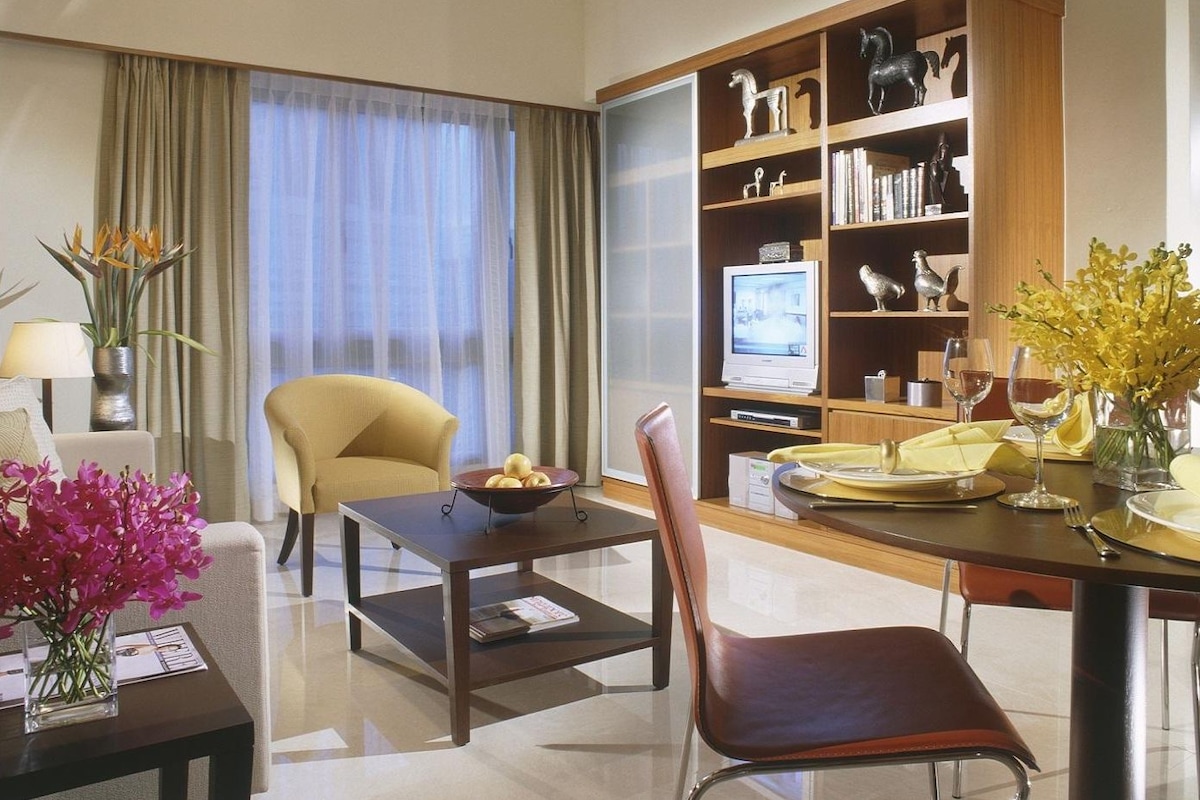 Una habitación de hotel moderna con zona de comedor, un sofá cómodo, televisión y estantería con objetos decorativos.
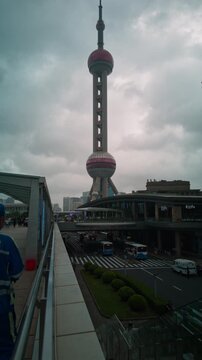 SHANGHAI, CHINA - AUGUST 23, 2026: Camera tilts up to the full height of Oriental Pearl Tower over Lujiazui pedestrian bridge on a cloudy day in SHANGHAI CHINA, in timelapse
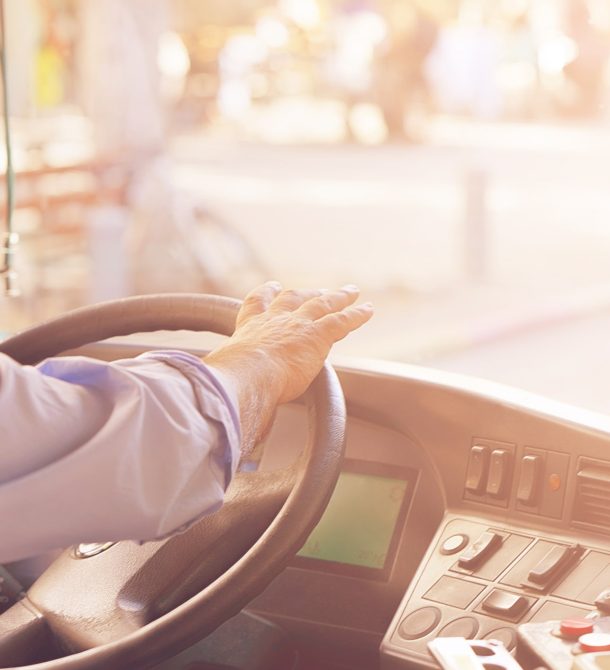 School bus driver turning the wheel of the bus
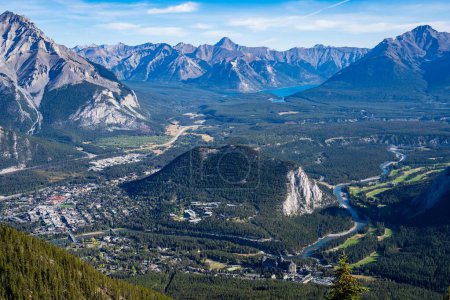 Photo for An illuminated cityscape in a grassy valley and a river, with a grassy hill in the middle, and rocky Sulphur Mountain in Canada in the background - Royalty Free Image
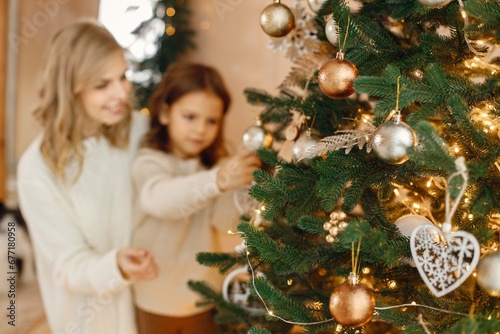 Little girl and her mom having fun near Christmas tree together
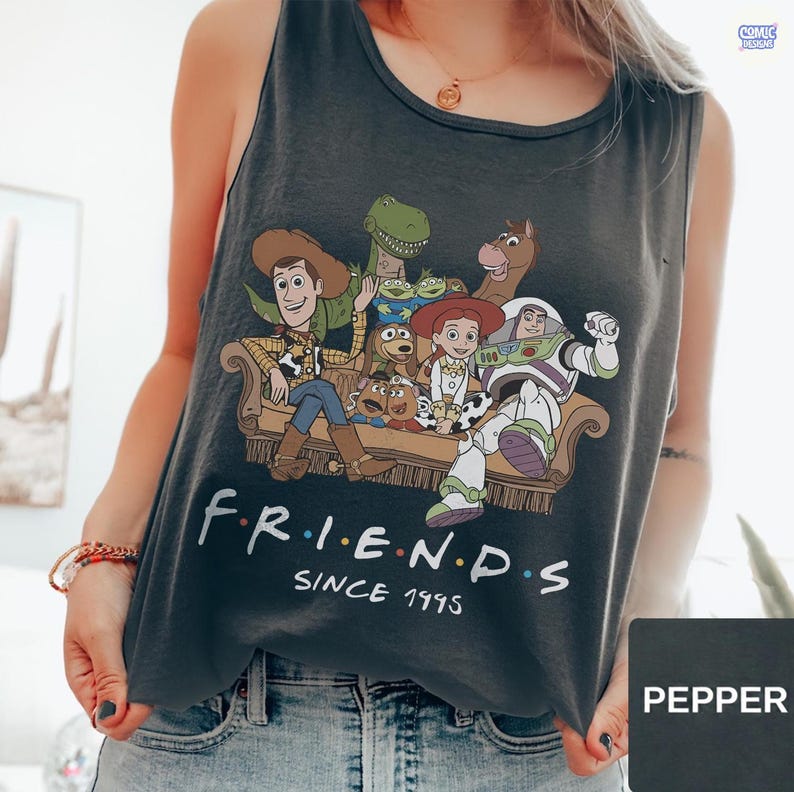 May include: A dark gray sleeveless tank top featuring a graphic print of various animated characters sitting on a couch. Below the illustration, the white text reads "F R I E N D S" with colorful dots between the letters, followed by "SINCE 1995".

▶ **Requirement**
With the line containing "SHANGHAI, CHINA - AUGUST" as the first line and the last line of the listing as the final one, reproduce that span exactly, without pictures.

▶ **Worked solution**
 SHANGHAI, CHINA - AUGUST 23, 2026: Camera tilts up to the full height of Oriental Pearl Tower over Lujiazui pedestrian bridge on a cloudy day in SHANGHAI CHINA, in timelapse
 School bus driver turning the wheel of the bus
 Photo for An illuminated cityscape in a grassy valley and a river, with a grassy hill in the middle, and rocky Sulphur Mountain in Canada in the background - Royalty Free Image
 Little girl and her mom having fun near Christmas tree together
 May include: A dark gray sleeveless tank top featuring a graphic print of various animated characters sitting on a couch. Below the illustration, the white text reads "F R I E N D S" with colorful dots between the letters, followed by "SINCE 1995".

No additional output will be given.